§ Work required: The material below contains a line with "Location Appartement 68.78m&sup2;" and a line with "158 164🩵10 Teile Sport". Copy exactly those two lines and all lines between them.

§ Data records:
-=-=-
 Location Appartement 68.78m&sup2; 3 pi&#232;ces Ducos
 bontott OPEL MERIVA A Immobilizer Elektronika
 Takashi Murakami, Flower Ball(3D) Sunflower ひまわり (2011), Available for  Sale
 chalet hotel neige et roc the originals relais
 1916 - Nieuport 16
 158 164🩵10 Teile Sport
-=-=-
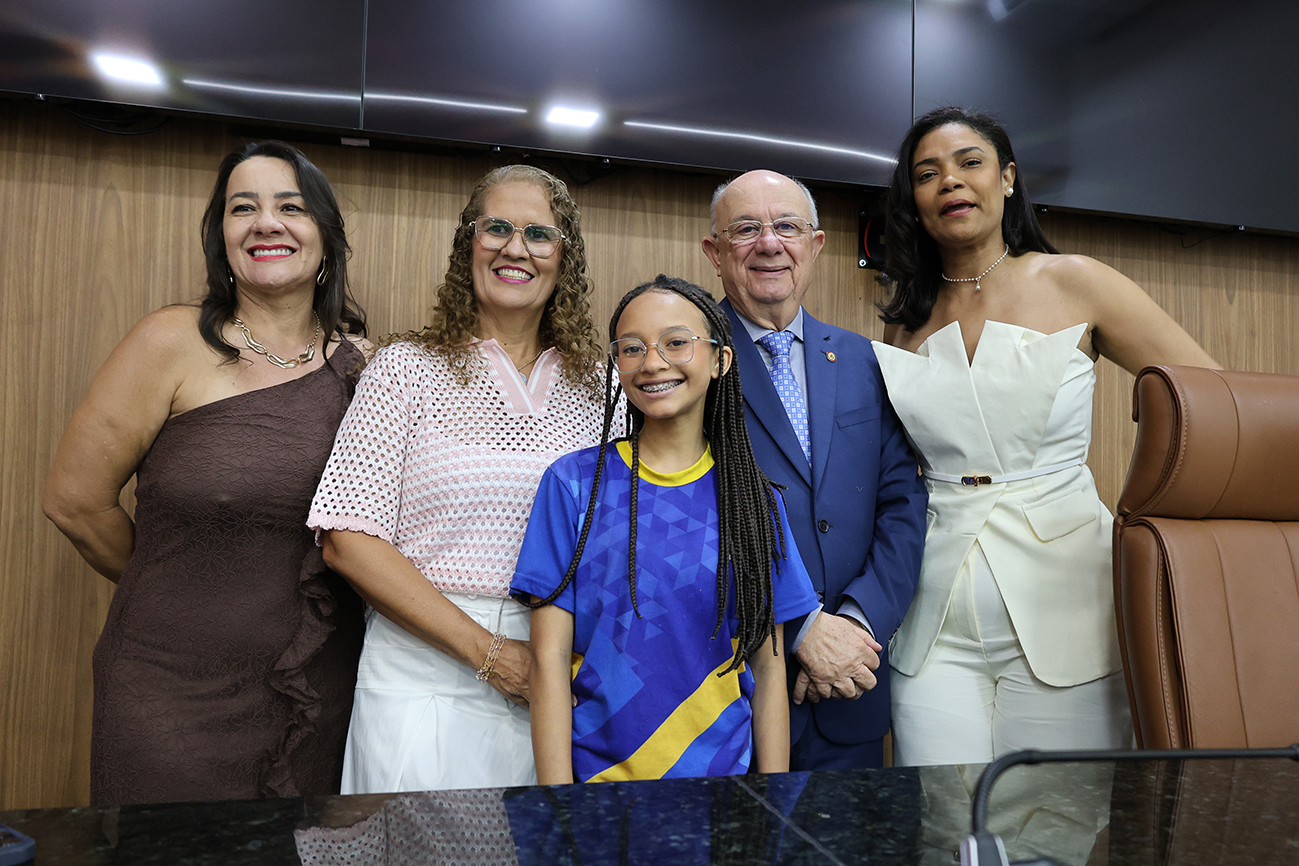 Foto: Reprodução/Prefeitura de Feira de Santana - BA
-=-=-
§ The completed task:
 Location Appartement 68.78m&sup2; 3 pi&#232;ces Ducos
 bontott OPEL MERIVA A Immobilizer Elektronika
 Takashi Murakami, Flower Ball(3D) Sunflower ひまわり (2011), Available for  Sale
 chalet hotel neige et roc the originals relais
 1916 - Nieuport 16
 158 164🩵10 Teile Sport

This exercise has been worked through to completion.